Real Estate Roundup with Sharon Alva: The condo alternative
Often the way for first time buyers to jump into the real estate market is to buy a condo or town home. A condo or town home allows the buyer with little money down, or even little monthly payment, to buy a property. There are definite pluses and minuses to this approach, especially in this turbulent market.
FHA loans allow first time buyers who have saved only 3.5 percent of purchase price to buy a property. The problem with condominiums is that some may not be FHA approved. Some loan products will spot authorize a particular condominium building or complex, but that’s become less likely over the last two years as FHA has approved loans only on buildings and complexes that have been approved already and are on the FHA list.
Without an FHA loan the buyer will need 20 percent down, or to qualify for a conventional loan and private mortgage insurance (PMI). PMI criteria are very high right now and it is not a slam-dunk that if a buyer qualified for the loan they will also qualify for the PMI, and yet every loan that is greater than 80 percent of purchase value requires PMI.
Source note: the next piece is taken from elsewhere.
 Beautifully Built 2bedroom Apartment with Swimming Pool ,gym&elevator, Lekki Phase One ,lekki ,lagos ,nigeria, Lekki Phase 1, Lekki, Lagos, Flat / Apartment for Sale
Loans following Freddie Mac and Fanny Mae guidelines have other criteria. Units falling within a Home Owner’s Association (HOA) must have 50 percent owner occupancy, and no more than 15 percent of the association’s units can be delinquent on their HOA dues. In Alameda I have not encountered any HOA that does not conform to these guidelines, but HOAs in surrounding municipalities often do not, and therefore securing a loan for purchase is challenging.
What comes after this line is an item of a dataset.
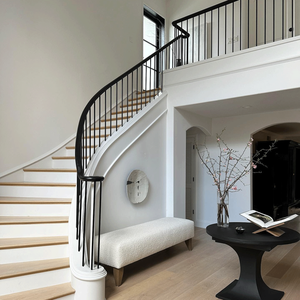 ห้องใต้หลังคาแบบดูเพล็กซ์คุณภาพสูงพร้อมระเบียงในร่มและบันไดแบบเกลียว - Product Image 3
If you have 20 percent to put down or the complex is already FHA approved, this may be a great opportunity. There is a ready supply and one that’s far less expensive than a detached single family home.
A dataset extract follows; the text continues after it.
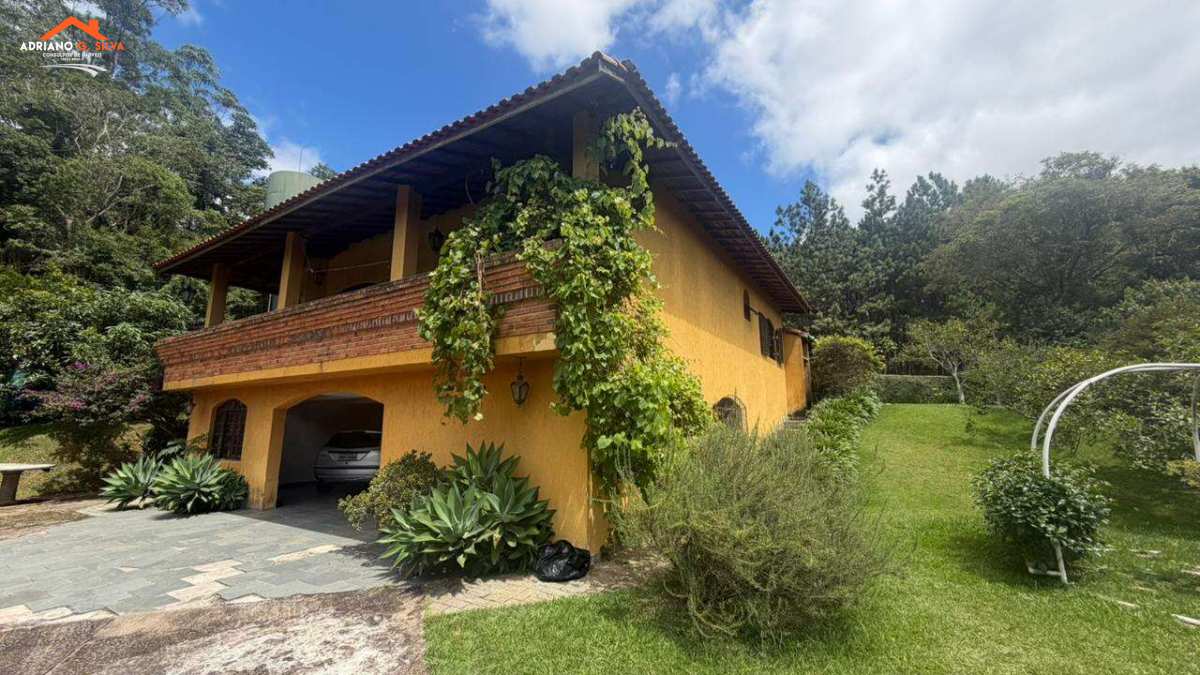 Casa de condomínio à venda em Embu das Artes, com 3 quartos, 360,52m² - ADRIANO CONSULTOR DE IMÓVEIS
Condos and townhouses appreciate less and have certainly fallen harder than single family homes. In fact, the town homes in Bay Farm Island have seen the greatest decline in value. There are two sides to this coin.
This is an incredible time to buy a condominium in Alameda, or even better, a town home. The loss in value makes them appealing. With 10 percent down, a town home is less expensive to purchase than to rent at this point. Two bedroom condominiums are selling for less than $300,000, and renting a similar unit would cost $1,400 a month.
But the rate of appreciation as things turn around may be slow and the purchase should be seen as a medium- to long-term investment. Five years is an unlikely time frame in which to see a sufficient enough rise in value to be able to recoup closing costs on both ends of the transaction, and growth in equity to put something down on the next purchase. Buying a property that is unlikely to suit a buyer’s needs long term may not be a good investment in the long run.
If you are considering buying a condo or town home, have your real estate agent gather information about the HOA, whether it’s FHA approved, and if there are any other barriers to getting a loan approved.